Ils sont au-dessus des lois et au-dessus de la morale. La préservation de la position des “meilleurs” nécessite un “spécisme” du type condamné par l'antispécisme puisqu'elle repose sur la préservation de l'état des choses, donc sur un traitement dégradant des animaux, domestiques comme sauvages. Accepter cet état des choses c'est nécessairement accepter ses conséquences. Le principe énoncé précédemment, les “meilleurs” sont au-dessus des lois, les “méritants” en subissent rarement les conséquences les plus graves, seuls les “non méritants” et les “déméritants” courant un grand risque d'en subir toute la rigueur. De ce fait, l'inscription dans la loi de crimes et délits “spécistes” n'atteindra prévisiblement que les “lampistes”, ceux qui n'ont pas d'intérêt propre à ce que l'état des choses actuel (celui qui leur est défavorable) perdure mais qui par nécessité doivent agir en “spécistes condamnables”, notamment en se coltinant le sale boulot dans l'élevage et l'abattage des animaux domestiques, dans la manipulation des animaux de laboratoire, etc. On a donc cette situation d'un groupe idéologique qui souhaite que perdure un état des choses “spéciste”, un groupe secondaire qui souhaite préserver sa situation médiane et se fait propagandiste et législateur de l'antispécisme, un groupe tertiaire qui subit les conséquences de l'idéologie de base “naturalisant” la hiérarchie pyramidale dans sa vie et devant la justice.

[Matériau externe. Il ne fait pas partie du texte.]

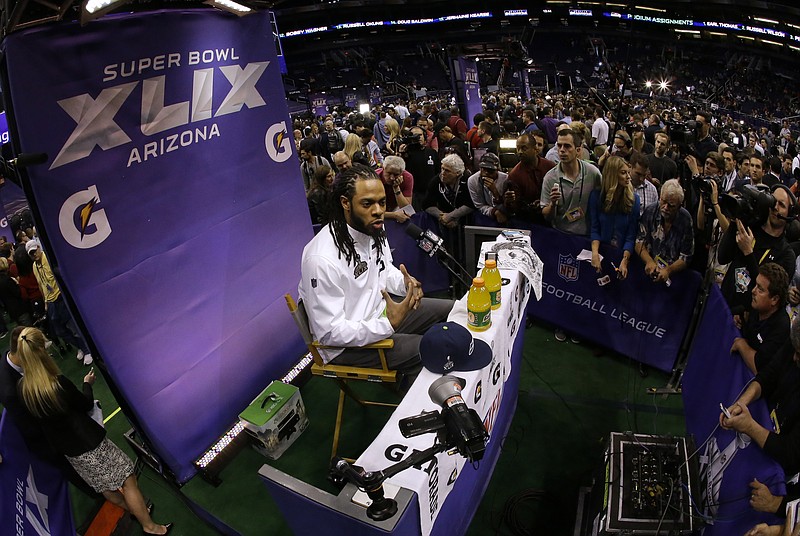 
              Seattle Seahawks' Richard Sherman answers questions during media day for NFL Super Bowl XLIX football game Tuesday, Jan. 27, 2015, in Phoenix. (AP Photo/Charlie Riedel)
            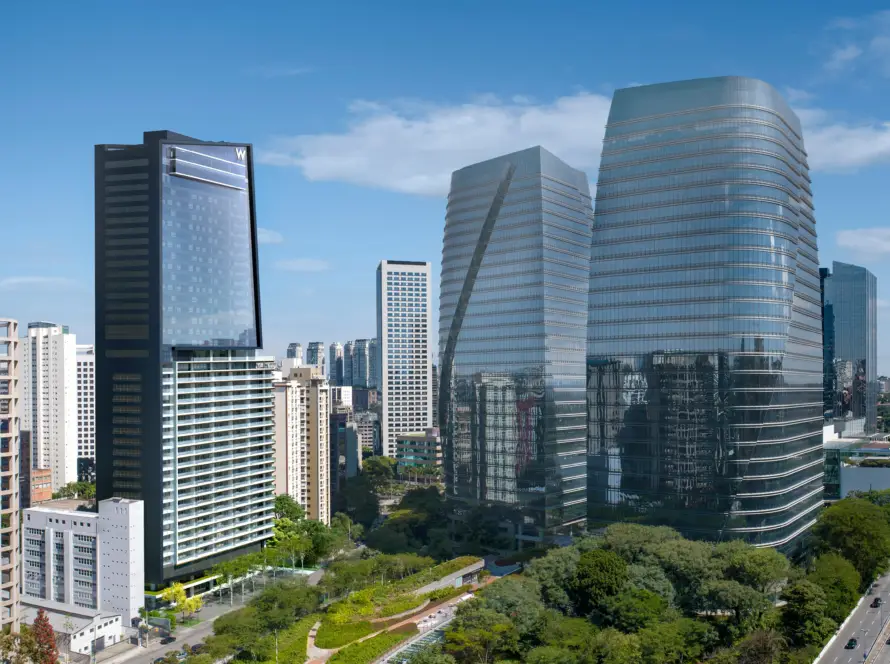 W Sao Paulo Hotel - City Skyline with Tall Glass Skyscrapers Against a Blue Sky, Featuring Modern Office Towers and Greenery Below, from an Elevated View.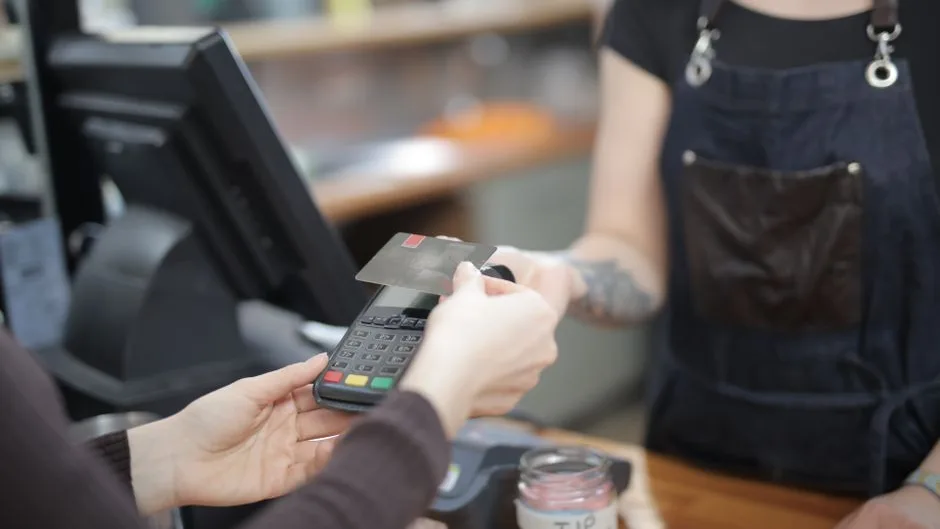 Cliente réglant ses achats au comptoir d’un commerce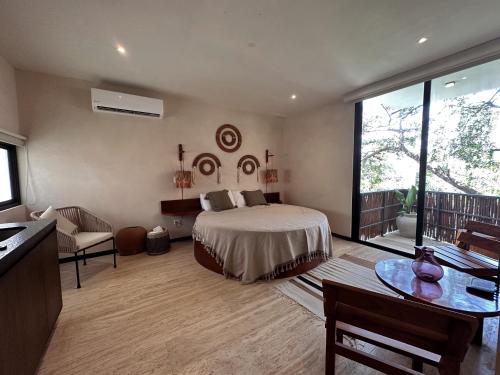 une grande chambre avec un lit et un balcon dans l'établissement Ophelia Tulum Condo Hotel in Aldea Zama, à Tulum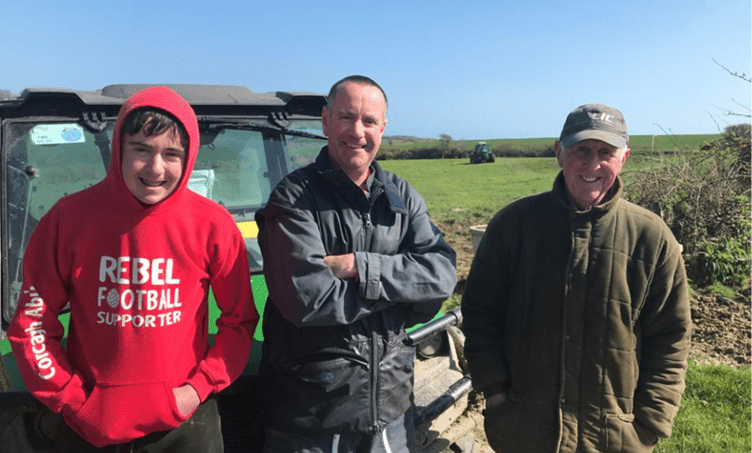Denis O'Donovan, his son Eoghan and his father DJ standing beside a farm vehicle on their dairy farm in West Cork.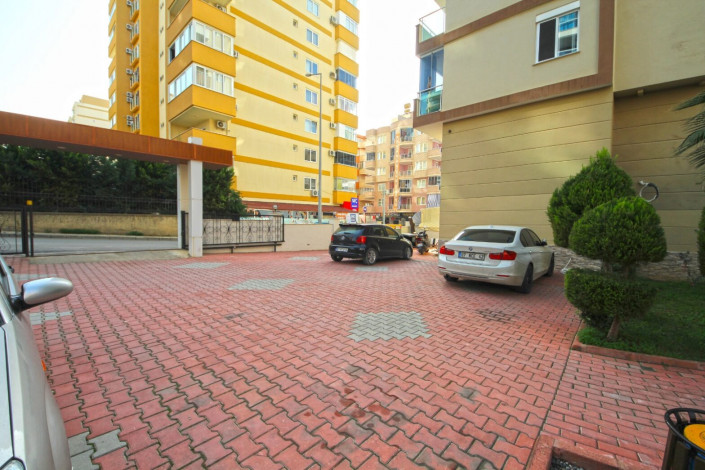 Трехкомнатная квартира в хорошем комплексе в районе Махмутлар, 100 м2 - Ракурс 20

Perso je m'en bats les flancs de l'antispécisme mais si un antispéciste “méritant” me le reprochait, en bon spéciste social que je ne suis pas je le traiterai d'espèce de con, si c'est un “meilleur”, d'espèce de salaud – quant à moi j'appartiens à l'espèce humaine, celle qui préfère les sociétés planes aux sociétés pyramidales.


Ah oui! La question du bien et du mal! Ben, je m'en bats les flancs aussi, mais au cas où ce ne serait pas le vôtre, posez-vous la question du bien et du mal en rapport au supposé spécisme et l'avéré antispécisme. On dit que le mieux et l'ennemi du bien et les meilleurs veulent le mieux.